Let $U$ be a bounded, connected open subset of $\mathbb R^n$ with $C^1$ boundary $\partial U$. Asume $|\beta| \leq k-1$ and $k$ is a integer. Show that for each $\epsilon >0$ there exists a constant $C_\epsilon$, such that
$||\partial^\beta u||_{L^p(U)} \leq \epsilon \|u\|_{W^{k,p}(U)} + C_\epsilon\|u\|_{L^{p}(U)}$
For each function $u$ in $W^{k,p}(U)$ (sobolev space)
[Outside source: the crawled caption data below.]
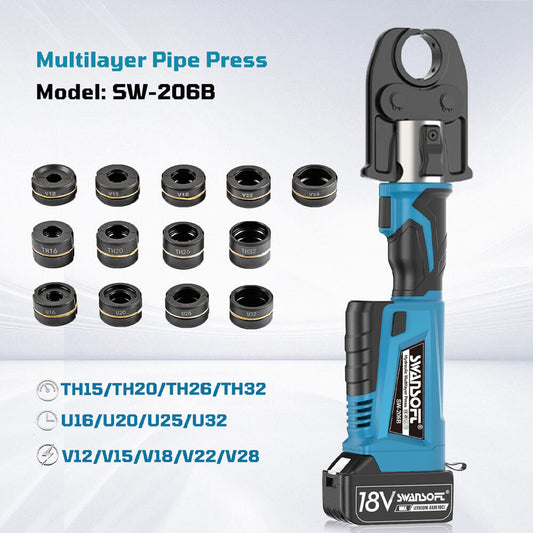 Multilayer Pipe Press Tool with Interchangeable Dies | Quick-Change U, TH, V Profiles 206B - Swansoft Europe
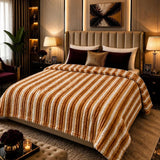 Golden Cream Stripe Ribbed Faux Fleece Blanket - The Linen House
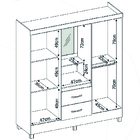 Guarda Roupas Casal Capela 4 Portas Com Espelho 2 Gavetas Bra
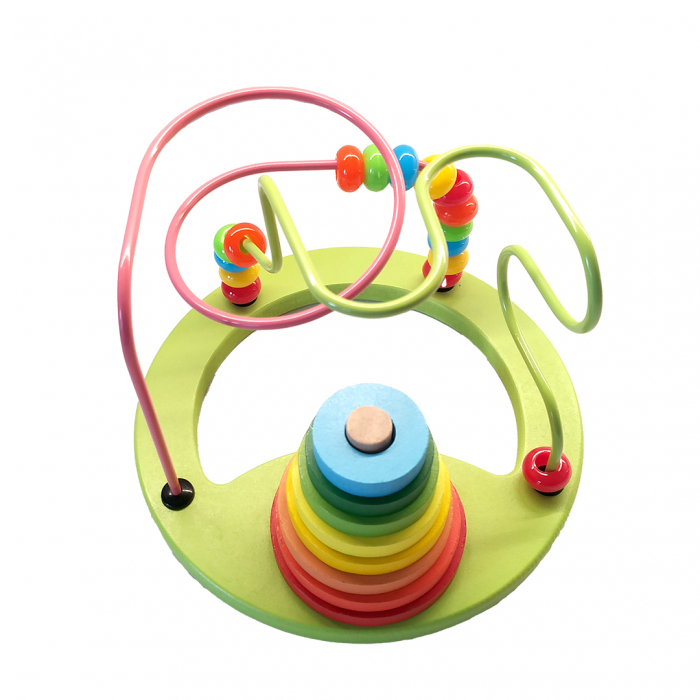 Jucarie de motricitate 2 in 1,  Labirint 3D cu margele si turn colorat, 3 ani + Edujucarii [2]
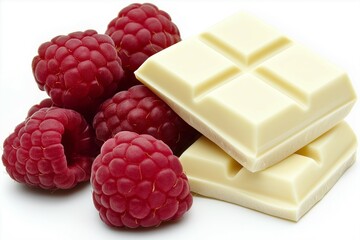 Close-up of white chocolate and fresh raspberries on a white background. Ideal for use in food marketing, dessert branding and gourmet product packaging.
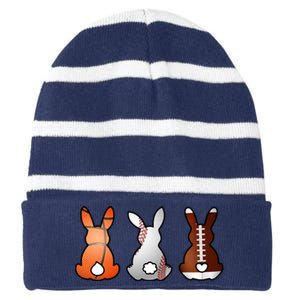 Easter Bunny Football Basketball Baseball Sports Fan Striped Beanie with Solid Band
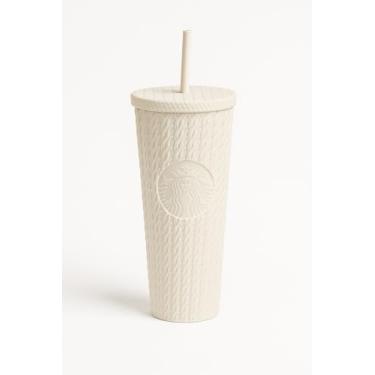 Imagem de Starbucks Copo de tricô branco outono 2025 com canudo 680 g – Copo frio de aço inoxidável edição limitada para bebidas geladas e colecionadores sazonais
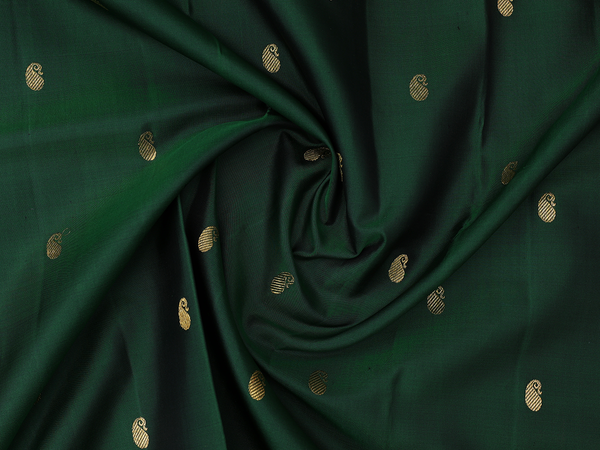 Paisley Buttas Green Kanchipuram Silk Pavadai Sattai Material
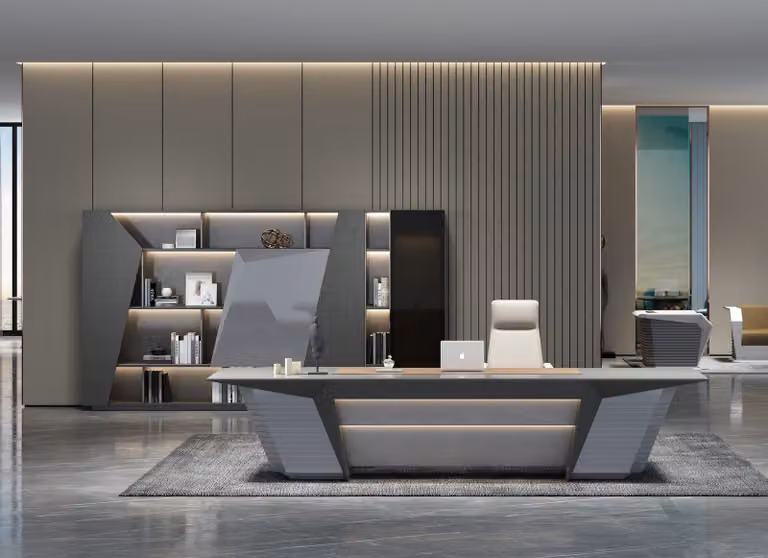 Praktisches Set: Schreibtisch und Büroschrank in modernem Design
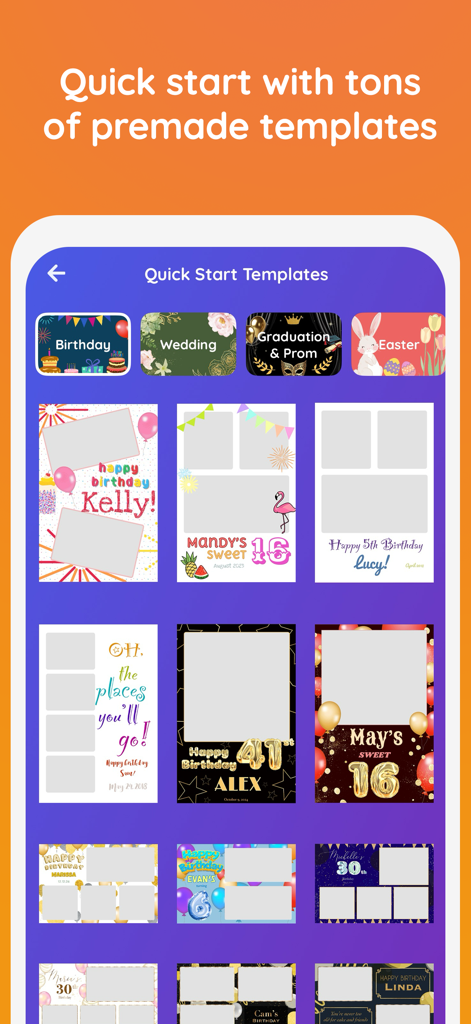 A variety of premade event templates in the Mini Photobooth app for birthdays weddings and graduations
Hint: Argue by contradiction and use Rellich-Kondrachov theorem.
Any ideas?
On
Actually you can get, for a fixed $\epsilon>0$, that for any $u\in W^{m,p}(\Omega)$ $$ \|{u}\|_{W^{m,p}}\leq \epsilon\|{D^\alpha u}\|_{L^p}+C_{\epsilon}\|{u}\|_{L^q}, $$ where $|{\alpha}|=m$. Usually we just take $q=p$ but if domain is good enough and by embedding we could extend $q$ to where embedding would go.
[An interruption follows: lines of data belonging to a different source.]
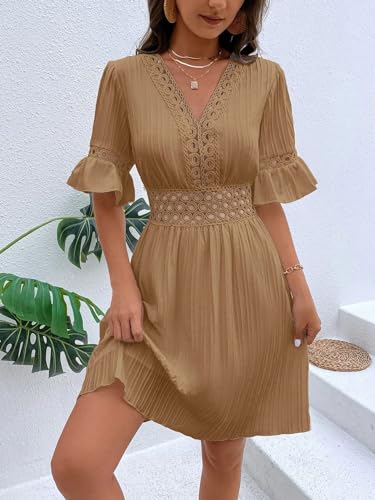 Image of Womens Summer Dresses V-Neck Lace Insert Flounce Casual Lightweight Sleeve Midi Dresses for Women 2025 Trendy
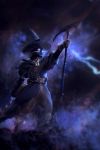  belt black_mage black_mage_(fft) book chrisbjors final_fantasy gloves glowing glowing_eyes hat robe staff witch_hat 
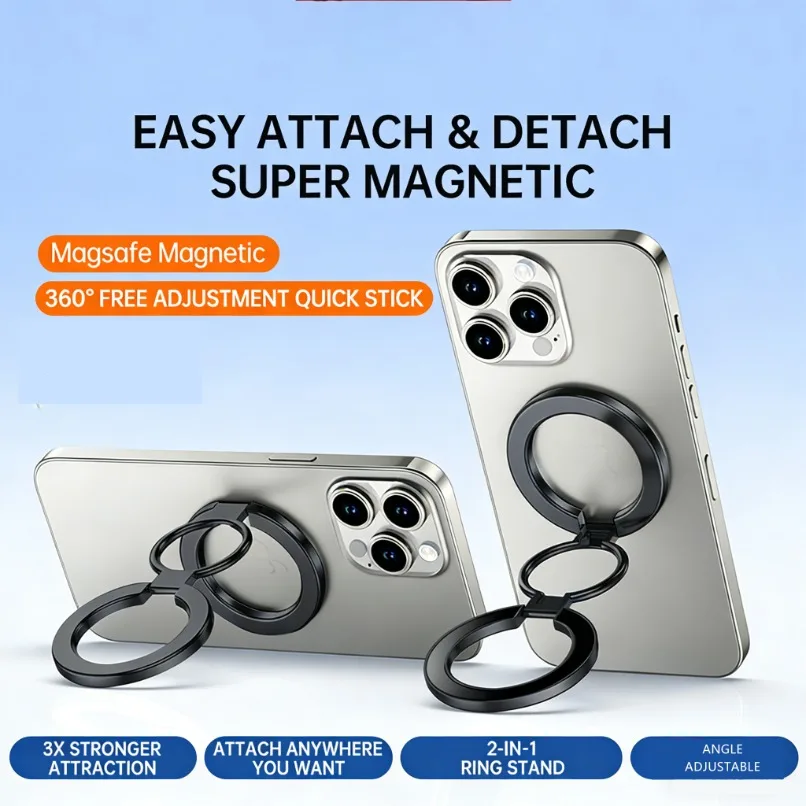 

Car Dual Magnetic Phone Holder Stand Universal Dashboard/Desk/Fitness/Iron Planes For Magsafe iPhone 17~12 Pro Max Fold Bracket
This theorem states that the extreme term (The highest and lowest) in a sum often already suffice to control the intermediate terms. This is not only true is Sobolev space but also in $C^k$ spcase, Holder space...
Anyhow, the hint by @aes is good enough and here I just give you more information. If you want to find the prove of this, please go to check Adams book, theorem 5.2.
Also, this is actually gives you an equivalent norm for each fixed $\epsilon$.
We have $\|\partial^\beta u\|_{L^p(U)} \leq \|u\|_{W^{k-1,p}(U)}$
Also, by the theorem, $W^{k,p}(U) \rightarrow W^{k-1,p}(U)$ is compact.
Now, suppose there is no $C_\epsilon$. Then we get a sequence $u_n \in W^{k,p}(U)$ (normalize so these are all norm 1) violating it with $n$ in place of $C_\epsilon$. That is, $\|u_n\|_{W^{k-1,p}} \geq \epsilon + n \|u_n\|_{L^p(U)}$.
There's a subsequence which is convergent in $W^{k-1,p}(U)$. Call the limit $u$.
Now, what can you say about $\|u\|_{L^p(U)}$?